SUPPLIED ENTRIES: Begin

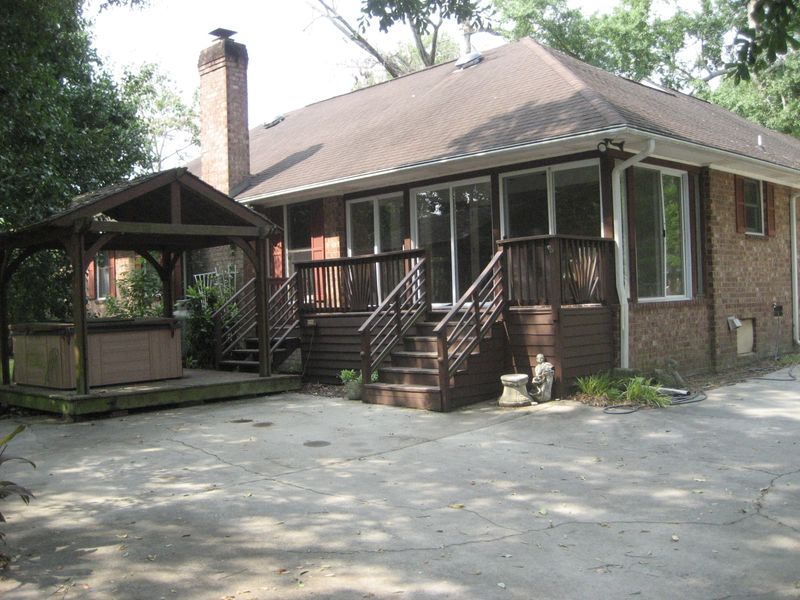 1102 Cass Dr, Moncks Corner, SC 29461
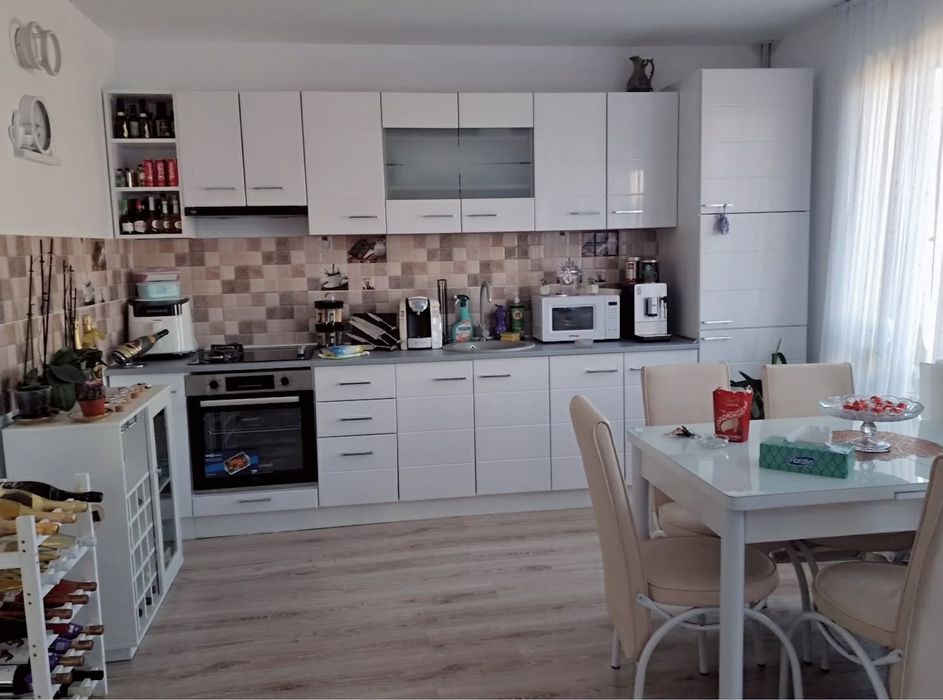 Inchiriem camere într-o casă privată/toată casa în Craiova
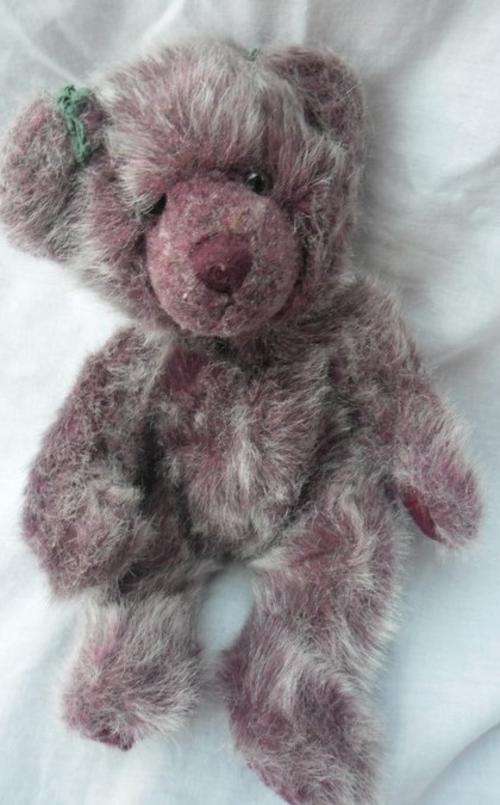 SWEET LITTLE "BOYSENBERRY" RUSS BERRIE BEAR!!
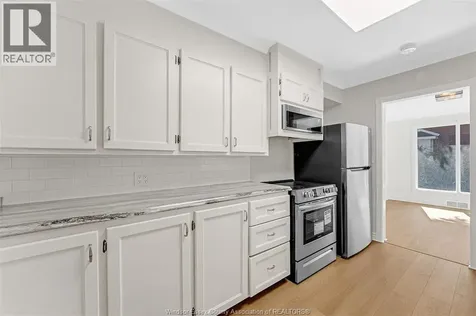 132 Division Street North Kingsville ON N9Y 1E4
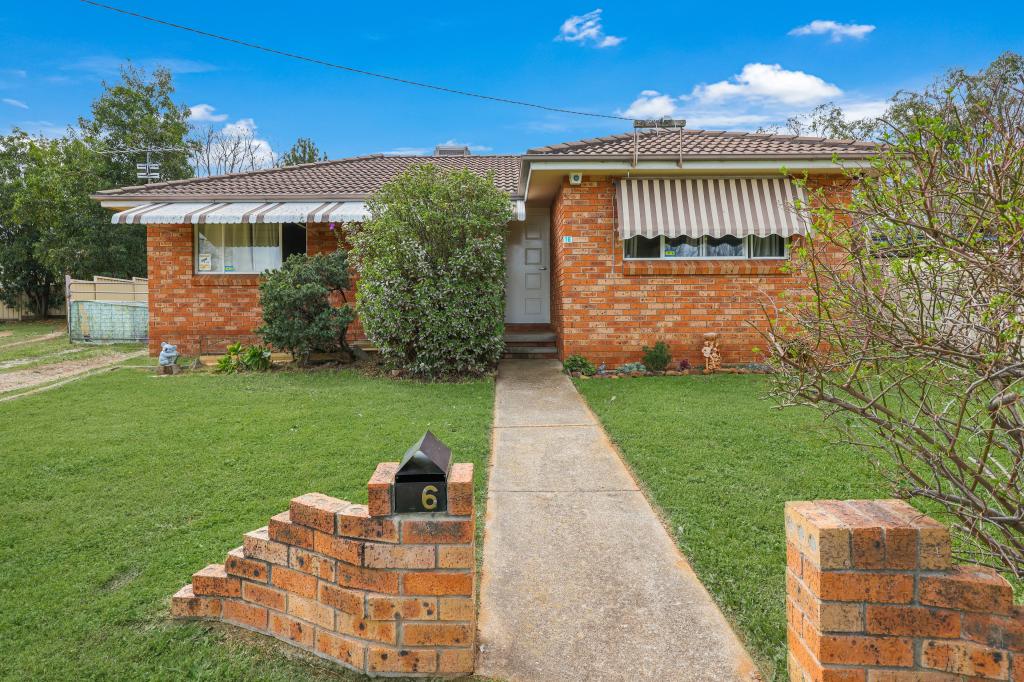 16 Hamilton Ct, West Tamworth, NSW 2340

SUPPLIED ENTRIES: End

■ AIM OF THE TASK ■
Copy the lines starting at the line that contains "Inchiriem camere într-o" and running to the final line of the entries, inclusive; omit all pictures.

■ RESULT ■
 Inchiriem camere într-o casă privată/toată casa în Craiova
 SWEET LITTLE "BOYSENBERRY" RUSS BERRIE BEAR!!
 132 Division Street North Kingsville ON N9Y 1E4
 16 Hamilton Ct, West Tamworth, NSW 2340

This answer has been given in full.